→ DATA SEGMENT

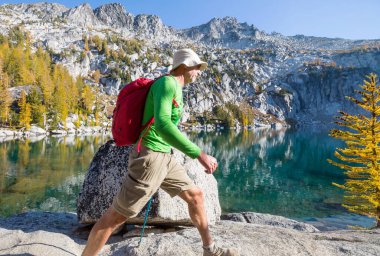 Sonbahar dağlarında yürüyüş. Sonbahar mevsimi teması.
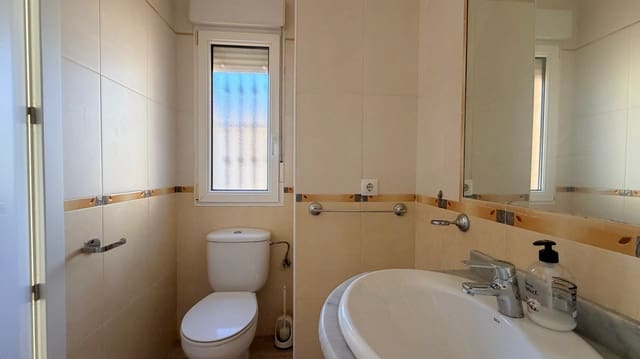 2 Zimmer Reihenhaus zu verkaufen in Torrevieja mit Pool - 195.000 € (Ref: 9637996)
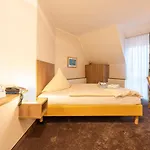 Nibelungen Hof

→ EXERCISE AIM
Nothing but an exact copy of the data above, minus its pictures, should appear in the response.

→ REPLY
 Sonbahar dağlarında yürüyüş. Sonbahar mevsimi teması.
 2 Zimmer Reihenhaus zu verkaufen in Torrevieja mit Pool - 195.000 € (Ref: 9637996)
 Nibelungen Hof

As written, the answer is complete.